[Short descriptive text snippets]
════════════════

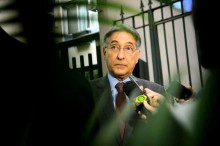 Ex-governador petista, envolvido em escabrosos casos de corrupção, sofre fragorosa derrota para a Câmara Federal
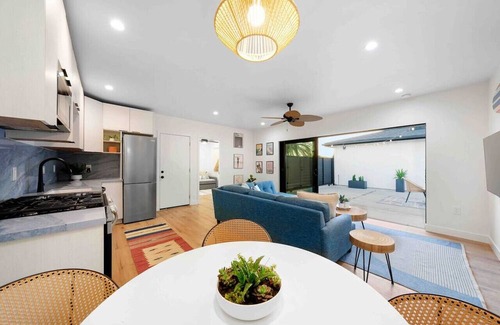 Crown Point House | Luxury Stay! Walk to Ocean & Bay
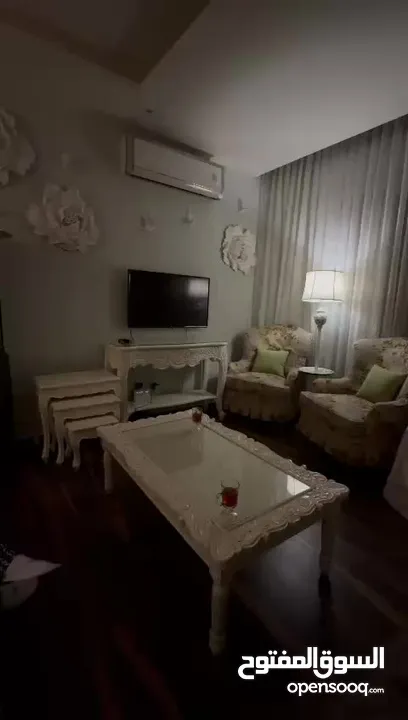 للبيع مجموعة من قطع الأثاث  شبه جديده  للبيع جميع القطع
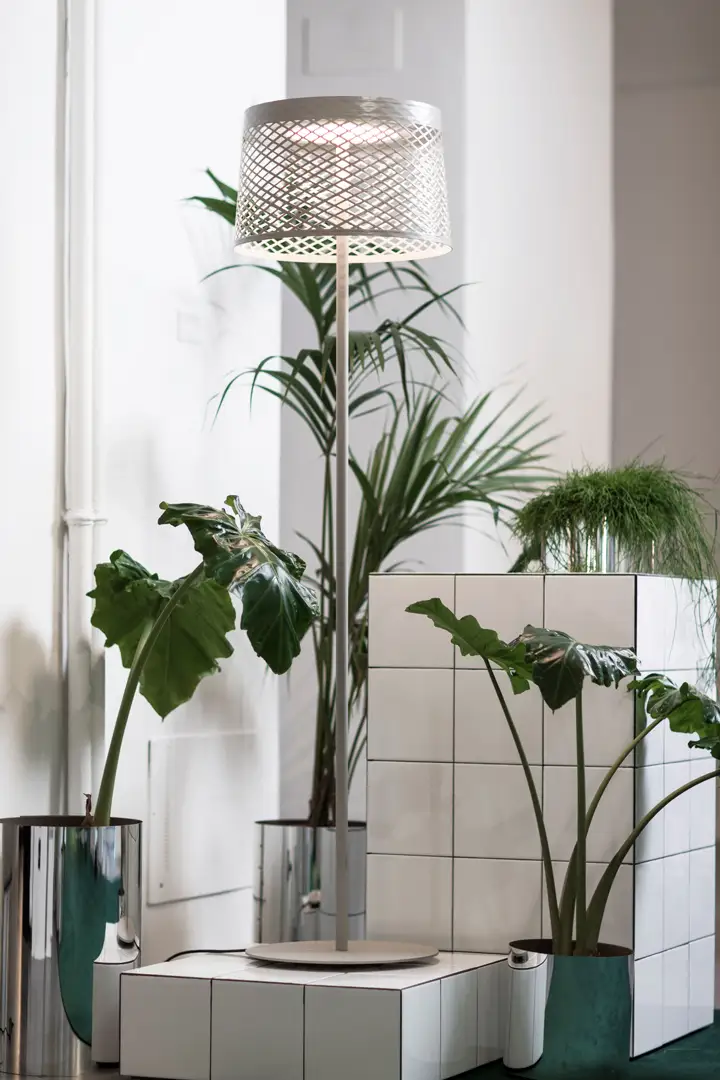 Twiggy Grid Lettura Outdoor Floor Lamp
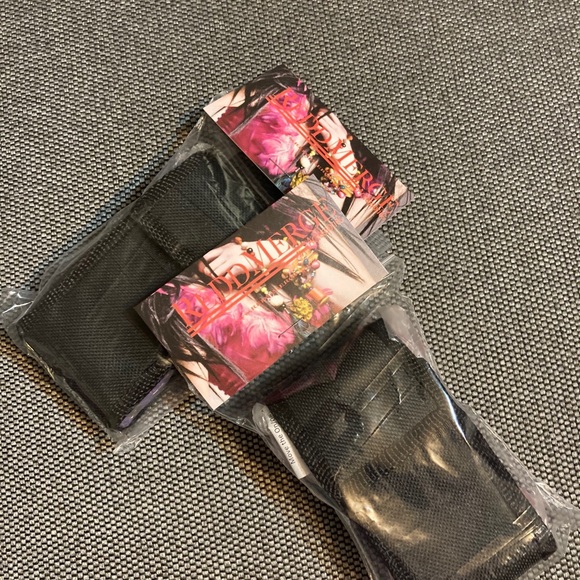 Hot pink taser keychain ⚡️New⚡️Taser , self protection , jogger tazer - Picture 11 of 13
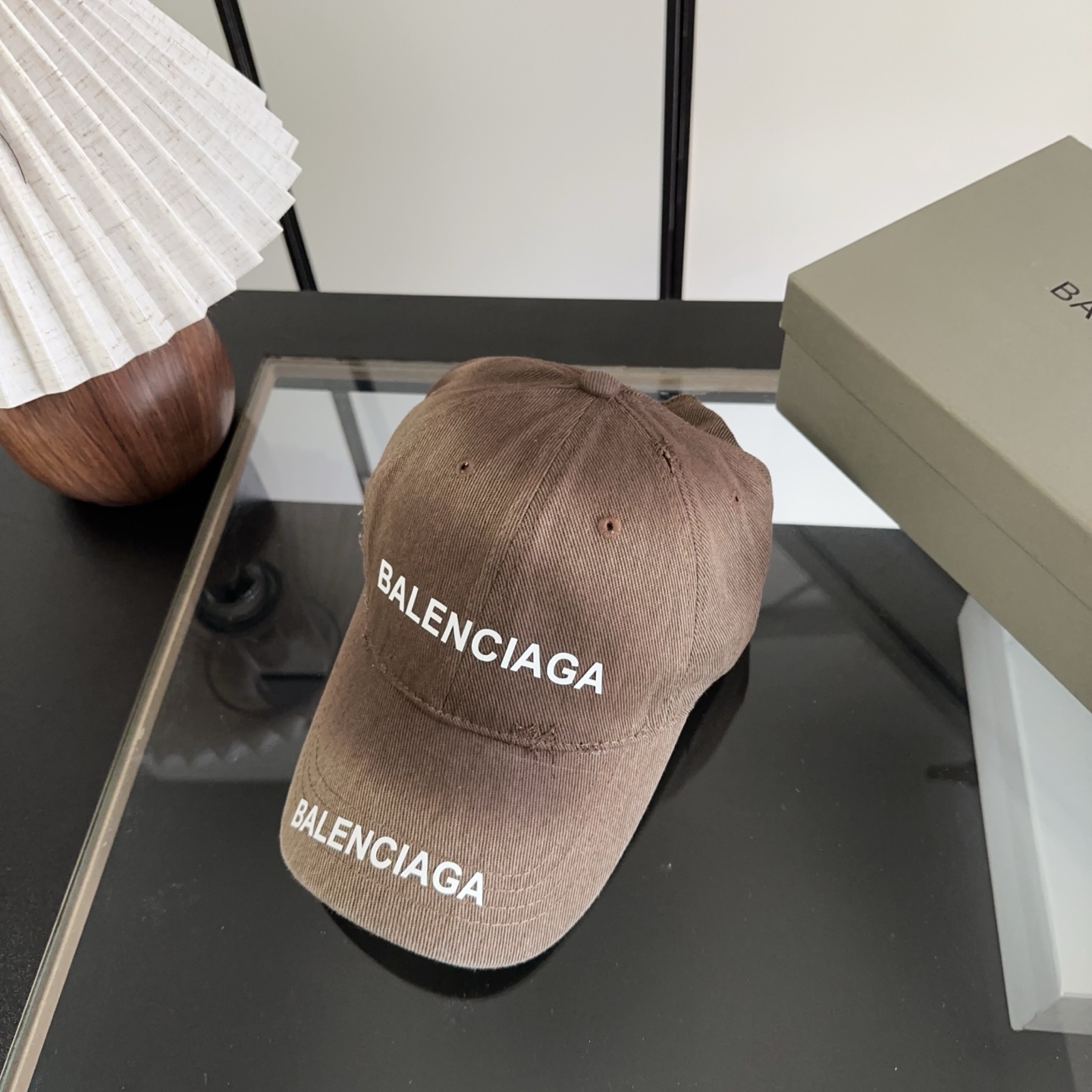 NO:824755,Balencia*a Balenciaga's new baseball cap with embroidered letters is ready for delivery in seconds. Simple, fashionable and super invincible and beautiful hat!  Couple style!  hat straw hat bucket hat baseball cap, hat, balenciaga, balenciaga, espadrilles, hats19860909Balencia*a 巴黎世家刺绣字母新款棒球帽 现货秒发简约时尚超级无敌好看的帽子！情侣款！帽子草帽渔夫帽棒球帽,帽子,balenciaga,balenciaga,espadrilles,hats,hat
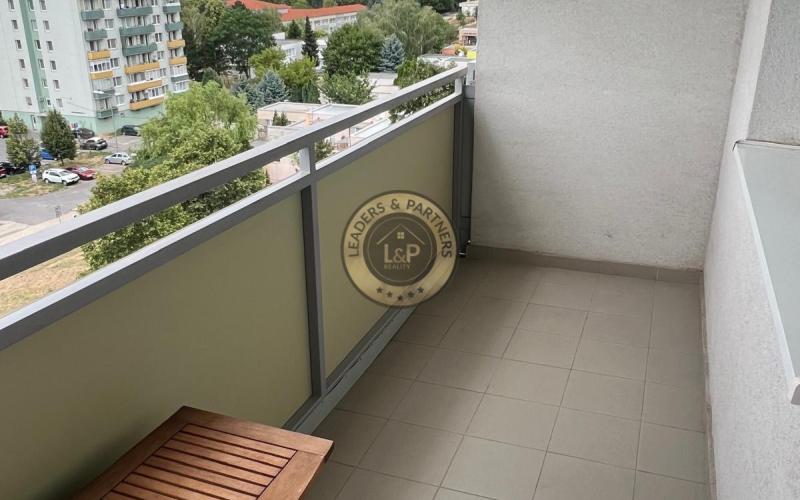 Krásny a svetlý 3-byt s loggiou v Trnave na ul. V.Clementisa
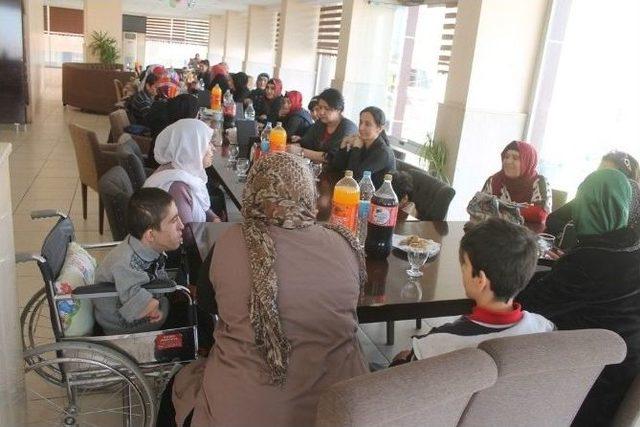 Engelli &Ccedil;ocuklara S&uuml;rpriz Doğum G&uuml;n&uuml; Kutlaması 1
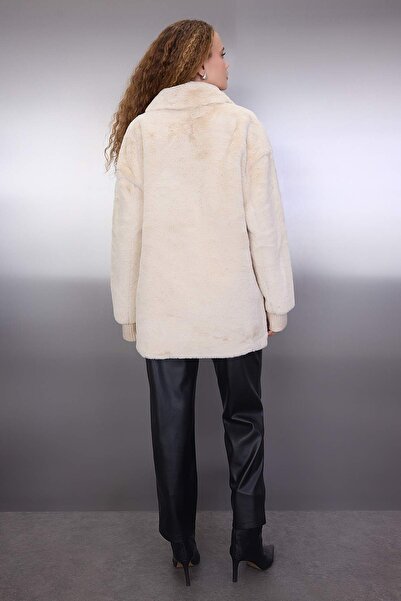 Trendyol Collection Ecru Fur Double-Sided Mono Closure Oversize Midi Coat Twoaw26Kb00005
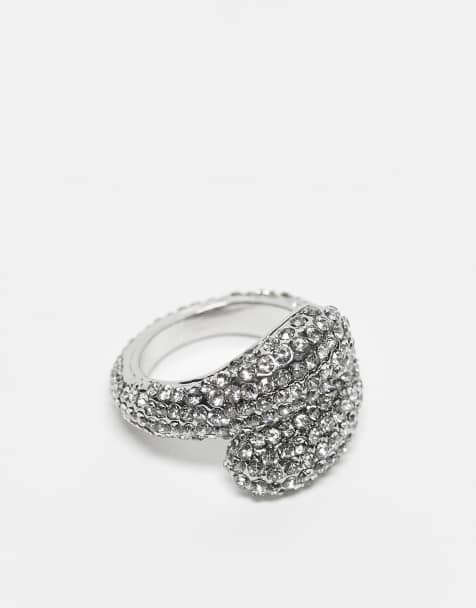 ASOS DESIGN - Sølvfarvet ring med omkringgående design og små og imiterede krystaludsmykninger - view 1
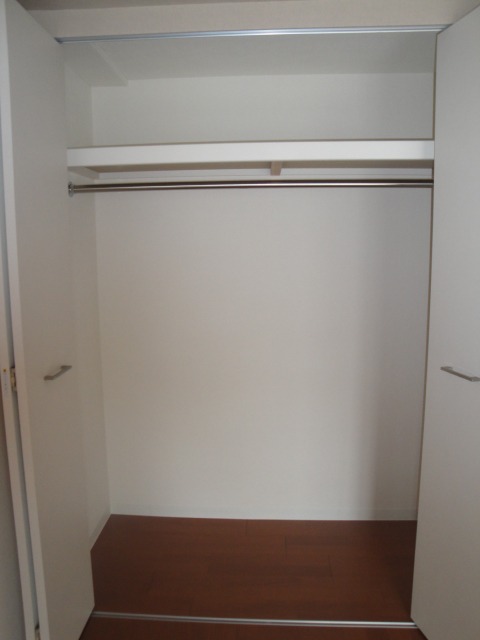 Receipt. Plenty of storage! ! 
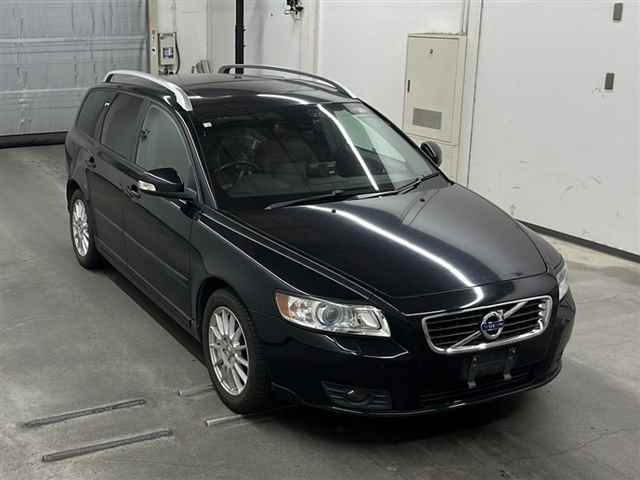 VOLVO V50 2012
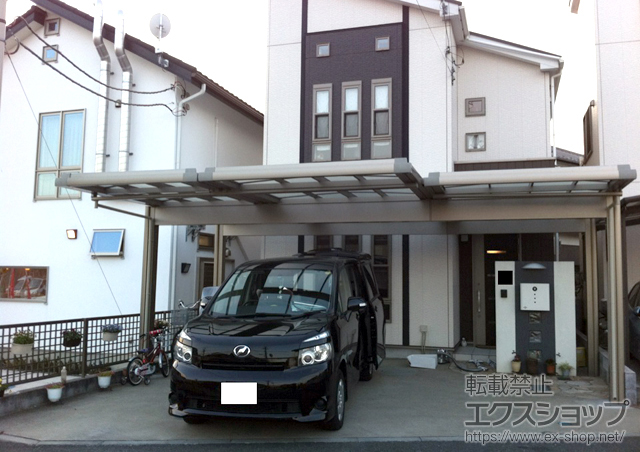 神奈川県横浜市ののカーポート U.スタイルII フラット屋根3台合掌 片寄せ納まり 積雪〜20cm対応 施工例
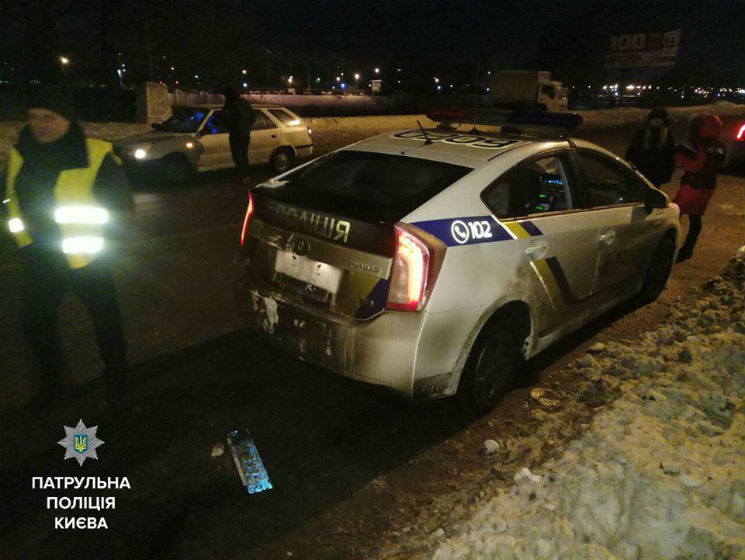 У Києві неадекватний водій побив копів і…
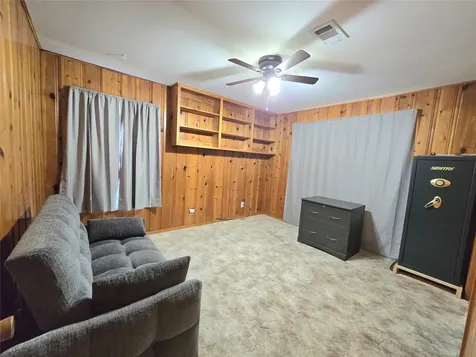 607 S Main Street Dayton TX 77535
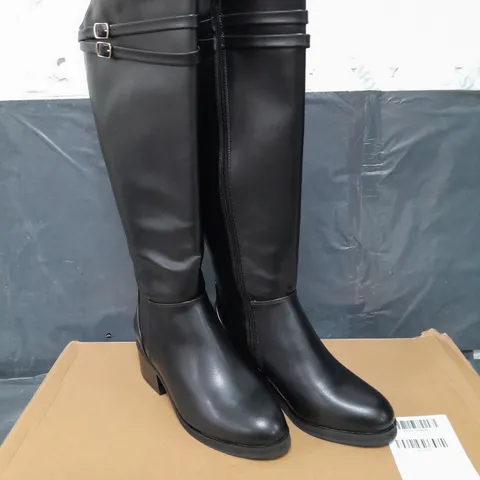 BOXED VERY WIDE FIT PLAIT STRAP HEELED KNEE BOOT IN BLACK SIZE 6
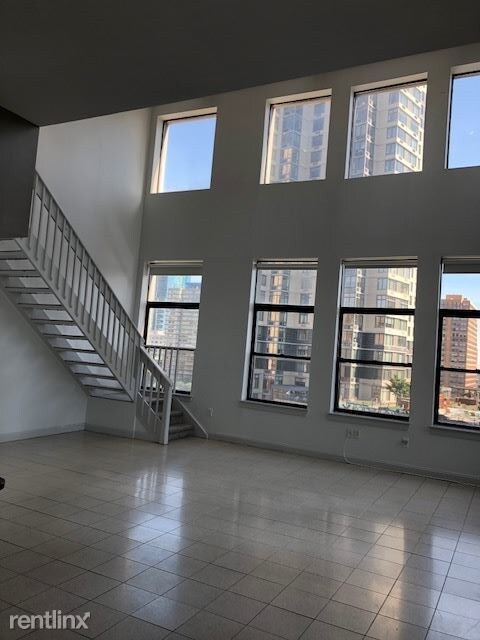 Building Photo - 2 br, 2 bath Apartment - 142 Steuben St 504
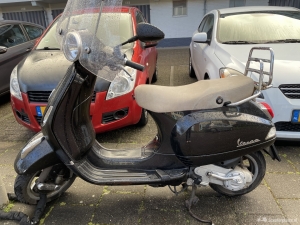 Vespa LX 50 zwart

════════════════

Exercise details — The records above should be duplicated exactly, with none of their pictures kept.

Answer to the problem —
 Ex-governador petista, envolvido em escabrosos casos de corrupção, sofre fragorosa derrota para a Câmara Federal
 Crown Point House | Luxury Stay! Walk to Ocean & Bay
 للبيع مجموعة من قطع الأثاث  شبه جديده  للبيع جميع القطع
 Twiggy Grid Lettura Outdoor Floor Lamp
 Hot pink taser keychain ⚡️New⚡️Taser , self protection , jogger tazer - Picture 11 of 13
 NO:824755,Balencia*a Balenciaga's new baseball cap with embroidered letters is ready for delivery in seconds. Simple, fashionable and super invincible and beautiful hat!  Couple style!  hat straw hat bucket hat baseball cap, hat, balenciaga, balenciaga, espadrilles, hats19860909Balencia*a 巴黎世家刺绣字母新款棒球帽 现货秒发简约时尚超级无敌好看的帽子！情侣款！帽子草帽渔夫帽棒球帽,帽子,balenciaga,balenciaga,espadrilles,hats,hat
 Krásny a svetlý 3-byt s loggiou v Trnave na ul. V.Clementisa
 Engelli &Ccedil;ocuklara S&uuml;rpriz Doğum G&uuml;n&uuml; Kutlaması 1
 Trendyol Collection Ecru Fur Double-Sided Mono Closure Oversize Midi Coat Twoaw26Kb00005
 ASOS DESIGN - Sølvfarvet ring med omkringgående design og små og imiterede krystaludsmykninger - view 1
 Receipt. Plenty of storage! ! 
 VOLVO V50 2012
 神奈川県横浜市ののカーポート U.スタイルII フラット屋根3台合掌 片寄せ納まり 積雪〜20cm対応 施工例
 У Києві неадекватний водій побив копів і…
 607 S Main Street Dayton TX 77535
 BOXED VERY WIDE FIT PLAIT STRAP HEELED KNEE BOOT IN BLACK SIZE 6
 Building Photo - 2 br, 2 bath Apartment - 142 Steuben St 504
 Vespa LX 50 zwart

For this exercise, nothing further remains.